*Work order:* Please begin with the line containing "Vakantiehuis Villa, 500m" and reproduce each line exactly until the records below end, without any pictures.

Scraped caption text data
-------------------------
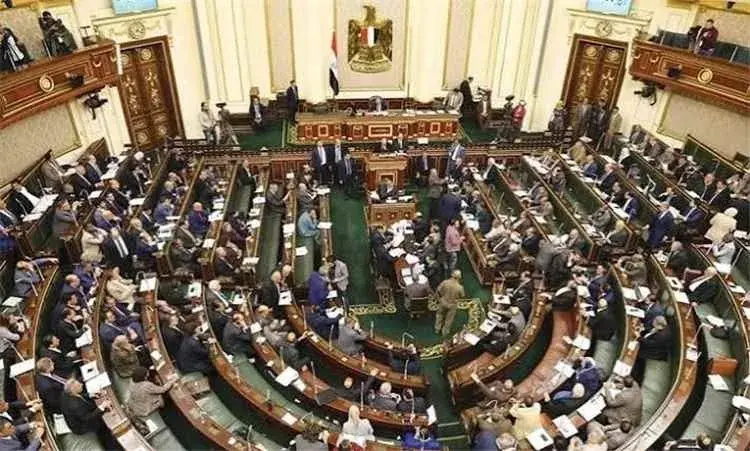 البرلمان المصري يعقد جلسة طارئة لبحث إرسال قوات إل...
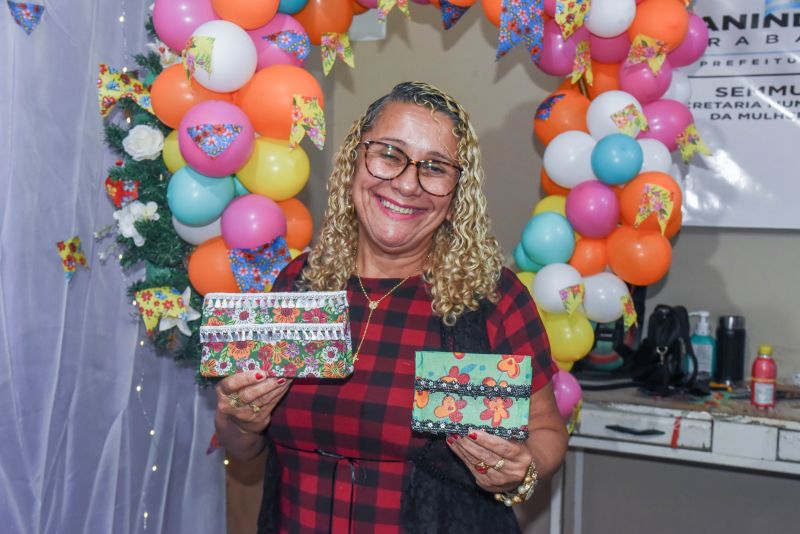 Certificação do curso de confecção de bolsa em tecidos na Secretaria da Mulher
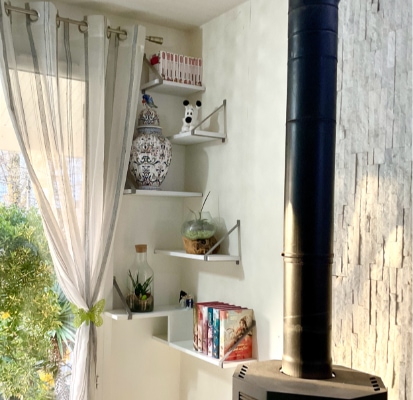 étagères murales d'angle en escalier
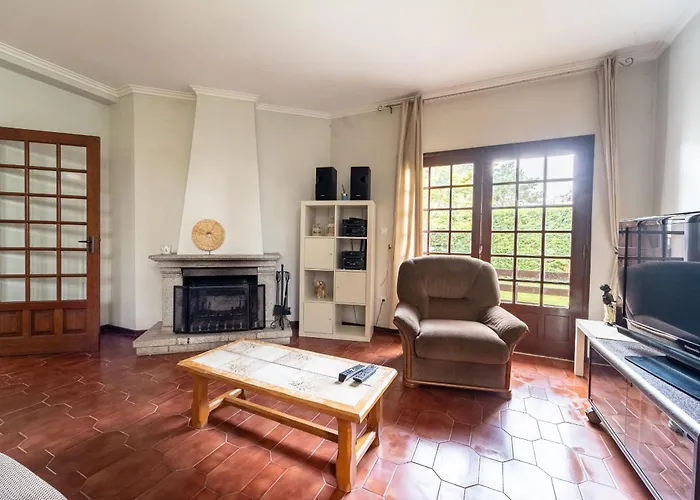 Vakantiehuis Villa, 500m From The By House And People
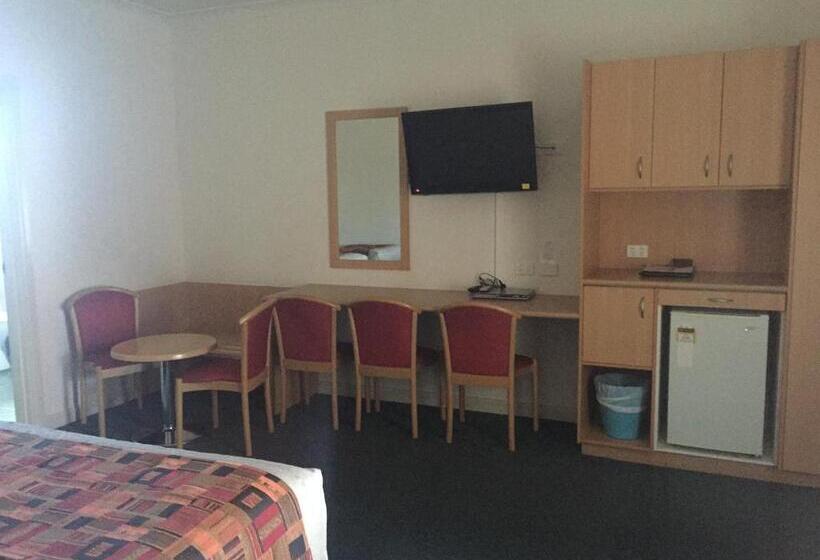 Семейный Номер, Abel Tasman Motor Inn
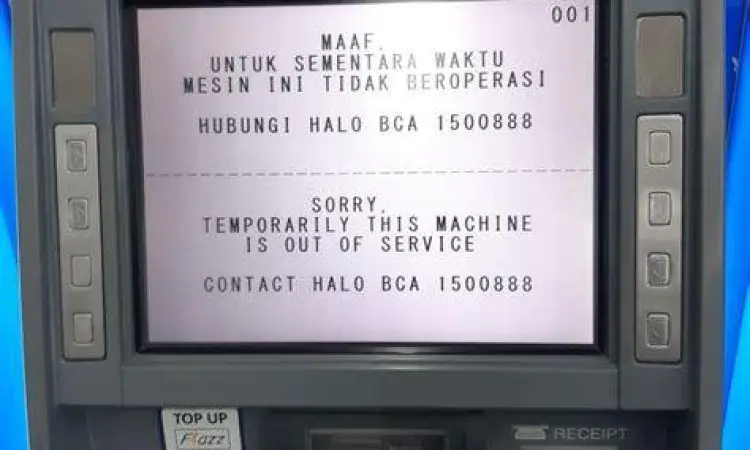 Transaksi di ATM BCA Nasabah melakukan transaksi di mesin ATM BCA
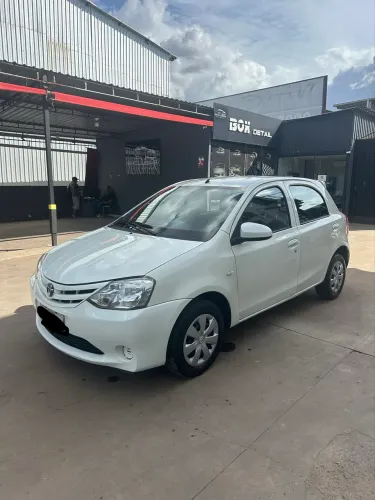 Toyota Etios X 1.3 Flex 16V 5P Mec. 2016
-------------------------
*Reply to the exercise:*
 Vakantiehuis Villa, 500m From The By House And People
 Семейный Номер, Abel Tasman Motor Inn
 Transaksi di ATM BCA Nasabah melakukan transaksi di mesin ATM BCA
 Toyota Etios X 1.3 Flex 16V 5P Mec. 2016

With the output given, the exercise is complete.